• THE PROBLEM:
Your response should consist of the entries below, reproduced exactly and without their images.

• DATA EXCERPTS:
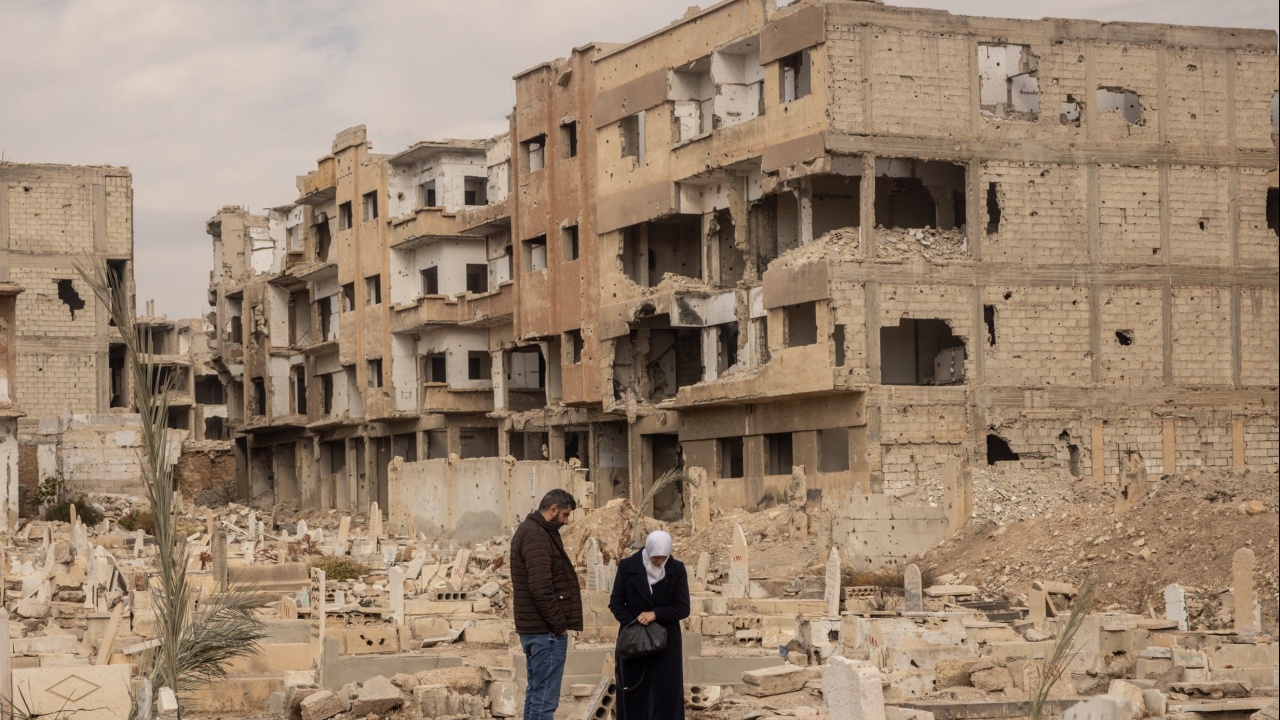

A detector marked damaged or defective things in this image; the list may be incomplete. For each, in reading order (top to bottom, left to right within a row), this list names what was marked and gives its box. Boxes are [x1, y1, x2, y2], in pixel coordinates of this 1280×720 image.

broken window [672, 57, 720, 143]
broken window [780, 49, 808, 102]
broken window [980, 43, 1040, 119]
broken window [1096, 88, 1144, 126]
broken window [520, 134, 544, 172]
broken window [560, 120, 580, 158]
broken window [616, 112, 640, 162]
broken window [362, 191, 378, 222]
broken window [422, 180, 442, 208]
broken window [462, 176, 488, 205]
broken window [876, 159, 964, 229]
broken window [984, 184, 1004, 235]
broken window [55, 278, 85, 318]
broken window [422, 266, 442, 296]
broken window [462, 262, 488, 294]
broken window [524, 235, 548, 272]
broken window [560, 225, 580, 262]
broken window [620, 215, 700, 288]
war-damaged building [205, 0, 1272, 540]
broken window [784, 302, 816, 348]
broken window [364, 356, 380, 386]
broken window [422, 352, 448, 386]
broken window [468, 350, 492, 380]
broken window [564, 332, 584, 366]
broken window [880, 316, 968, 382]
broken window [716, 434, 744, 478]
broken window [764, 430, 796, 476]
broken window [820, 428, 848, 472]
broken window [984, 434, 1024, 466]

• WRITTEN SOLUTION:
A detector marked damaged or defective things in this image; the list may be incomplete. For each, in reading order (top to bottom, left to right within a row), this list names what was marked and gives its box. Boxes are [x1, y1, x2, y2], in pixel coordinates of this 1280×720 image.

broken window [672, 57, 720, 143]
broken window [780, 49, 808, 102]
broken window [980, 43, 1040, 119]
broken window [1096, 88, 1144, 126]
broken window [520, 134, 544, 172]
broken window [560, 120, 580, 158]
broken window [616, 112, 640, 162]
broken window [362, 191, 378, 222]
broken window [422, 180, 442, 208]
broken window [462, 176, 488, 205]
broken window [876, 159, 964, 229]
broken window [984, 184, 1004, 235]
broken window [55, 278, 85, 318]
broken window [422, 266, 442, 296]
broken window [462, 262, 488, 294]
broken window [524, 235, 548, 272]
broken window [560, 225, 580, 262]
broken window [620, 215, 700, 288]
war-damaged building [205, 0, 1272, 540]
broken window [784, 302, 816, 348]
broken window [364, 356, 380, 386]
broken window [422, 352, 448, 386]
broken window [468, 350, 492, 380]
broken window [564, 332, 584, 366]
broken window [880, 316, 968, 382]
broken window [716, 434, 744, 478]
broken window [764, 430, 796, 476]
broken window [820, 428, 848, 472]
broken window [984, 434, 1024, 466]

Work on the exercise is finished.